You see? ... We get into trouble when we use colloquialisms, or slang, that can be specific to a certain location or an era.
Or when we use jargon that is specific to a certain job or activity.
Like sports. I can never follow (there's that word again) what my husband is saying when he uses sports jargon. Like when I was learning to play golf. He'd say..."Stop trying to hit the ball so hard; play within yourself." Huh?
Like the e-mail exchange last week between Hubby and his golfing buddies when they were trying to organize a game, and the weather forecast was for rain for that day. The organizer who was booking the tee times e-mailed Hubby that he should look at the weather the morning of the game and "make the call."

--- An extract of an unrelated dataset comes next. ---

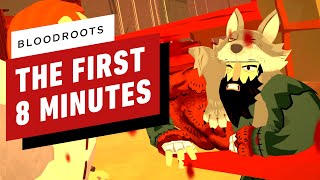 The First 8 Minutes of Bloodroots  S Rank Gameplay [upl. by Nyleuqcaj]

Now... was he speaking metaphorically...sports-metaphorically??? As in make a decision?
Or was he speaking literally, as in actually picking up a phone to cancel their bookings??? Or both? I'm so confused.
We were reading Shakespeare's King Lear and I had just shown the DVD for Act 3 Scene 7, wherein Regan (evil daughter #2) and her husband, the Duke of Cornwall, blind poor old Gloucester for trying to help Regan's father, the former King. They poke his eyeballs out. Oh yes, they do-oo. On stage; pretty disgusting, eh?
And as he supposedly pops Gloucester's eyeball, Cornwall chortles ..."Out vile jelly!" I always play up that line...it's so gross, kids love it.
|Lear comforting Gloucester theshakespeareblog.com|
On a side note (side bar?) ... the picture below is from the version of King Lear we were watching. It's fabulous. Ian Holme does a masterful Lear and Amanda Redman is the most wonderfully evil Regan I've ever seen.
Take for instance something that we teachers always laugh about. The seemingly unlimited versatility of that most famous four letter word ... the F-bomb.
Like this story. A few years ago, a colleague of mine was approaching a student in the hallway who was trying in vain to make the water fountain work. The student eventually gave up, delivered a half hearted kick in its direction before turning to my colleague in exasperation... "Sir, the f**king f**ker's f**ked!"
This story made for great hilarity at our end of semester English and Languages Department party. I recall with a smile the sight of my friends, all teachers of language, all standing with glasses of wine in their hands, parsing this sentence. '"F**king'...yes, that's used as an adjective here...of course 'f**ker' is the noun and 'is f**ked' is the main verb." Language teachers...you gotta love 'em!
Okay..so that story is not exactly about how language can be confusing because it has changed. I just love it, that's all. And when I told my husband what I was writing my blog post about....he said..."You have to use the f**king f**ker story!" So I did.
Communication is difficult. When I was still teaching I used to get teased by students and fellow teachers alike for gesticulating and waving my hands around when I talked. I simply could NOT make my point without using my hands. Not to mention tone of voice, facial expressions and the always effective communication tool of looking at kids over the top of my glasses.
It's so very much harder to make one's point clear in writing. The words have to speak for themselves.
And, you know, that's hard enough without the meaning of words all changing on us. Or for some of us... with the rest of us having no clue that the meaning HAS changed....so we don't know WTF is going on!
So...am I tweeting there or chirping? Or both? Or neither?